──────── Data for processing

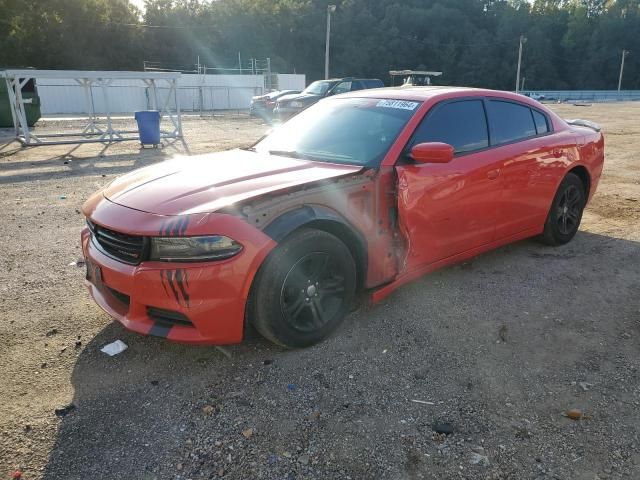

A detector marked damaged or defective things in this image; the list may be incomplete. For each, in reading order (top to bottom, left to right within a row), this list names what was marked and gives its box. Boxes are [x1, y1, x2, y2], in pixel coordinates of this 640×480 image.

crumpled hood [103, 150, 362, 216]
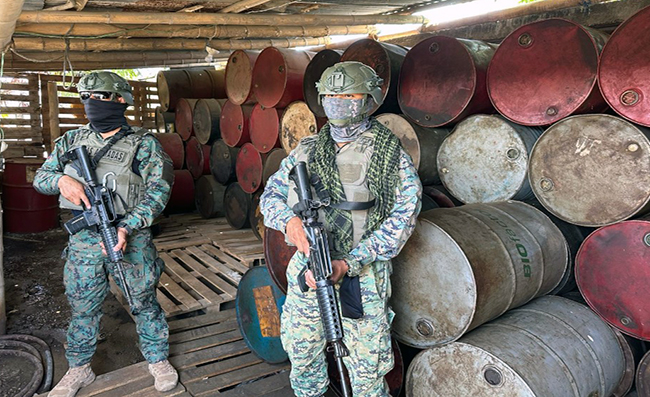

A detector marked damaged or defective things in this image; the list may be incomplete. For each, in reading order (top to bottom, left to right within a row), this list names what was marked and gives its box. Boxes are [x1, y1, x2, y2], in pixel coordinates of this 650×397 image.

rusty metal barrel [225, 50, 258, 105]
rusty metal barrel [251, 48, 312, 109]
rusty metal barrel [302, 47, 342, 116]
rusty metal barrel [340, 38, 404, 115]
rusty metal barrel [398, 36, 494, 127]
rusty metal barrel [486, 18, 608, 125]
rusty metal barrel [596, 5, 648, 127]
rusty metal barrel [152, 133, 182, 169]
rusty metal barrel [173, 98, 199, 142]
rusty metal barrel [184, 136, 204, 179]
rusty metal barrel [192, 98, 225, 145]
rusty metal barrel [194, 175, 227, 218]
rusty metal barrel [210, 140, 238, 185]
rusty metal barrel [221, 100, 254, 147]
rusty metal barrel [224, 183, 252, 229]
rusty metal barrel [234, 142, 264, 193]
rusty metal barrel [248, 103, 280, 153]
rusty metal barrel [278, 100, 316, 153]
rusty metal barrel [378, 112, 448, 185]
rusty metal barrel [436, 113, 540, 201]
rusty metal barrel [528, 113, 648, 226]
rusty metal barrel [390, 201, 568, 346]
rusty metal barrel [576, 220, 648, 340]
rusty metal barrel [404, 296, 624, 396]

────────────────

Exercise: Write out exactly the lines starting with the one that holds "this 650×397 image." and running through the last line above.

Exercise solution:
A detector marked damaged or defective things in this image; the list may be incomplete. For each, in reading order (top to bottom, left to right within a row), this list names what was marked and gives its box. Boxes are [x1, y1, x2, y2], in pixel coordinates of this 650×397 image.

rusty metal barrel [225, 50, 258, 105]
rusty metal barrel [251, 48, 312, 109]
rusty metal barrel [302, 47, 342, 116]
rusty metal barrel [340, 38, 404, 115]
rusty metal barrel [398, 36, 494, 127]
rusty metal barrel [486, 18, 608, 125]
rusty metal barrel [596, 5, 648, 127]
rusty metal barrel [152, 133, 182, 169]
rusty metal barrel [173, 98, 199, 142]
rusty metal barrel [184, 136, 204, 179]
rusty metal barrel [192, 98, 225, 145]
rusty metal barrel [194, 175, 227, 218]
rusty metal barrel [210, 140, 238, 185]
rusty metal barrel [221, 100, 254, 147]
rusty metal barrel [224, 183, 252, 229]
rusty metal barrel [234, 142, 264, 193]
rusty metal barrel [248, 103, 280, 153]
rusty metal barrel [278, 100, 316, 153]
rusty metal barrel [378, 112, 448, 185]
rusty metal barrel [436, 113, 540, 201]
rusty metal barrel [528, 113, 648, 226]
rusty metal barrel [390, 201, 568, 346]
rusty metal barrel [576, 220, 648, 340]
rusty metal barrel [404, 296, 624, 396]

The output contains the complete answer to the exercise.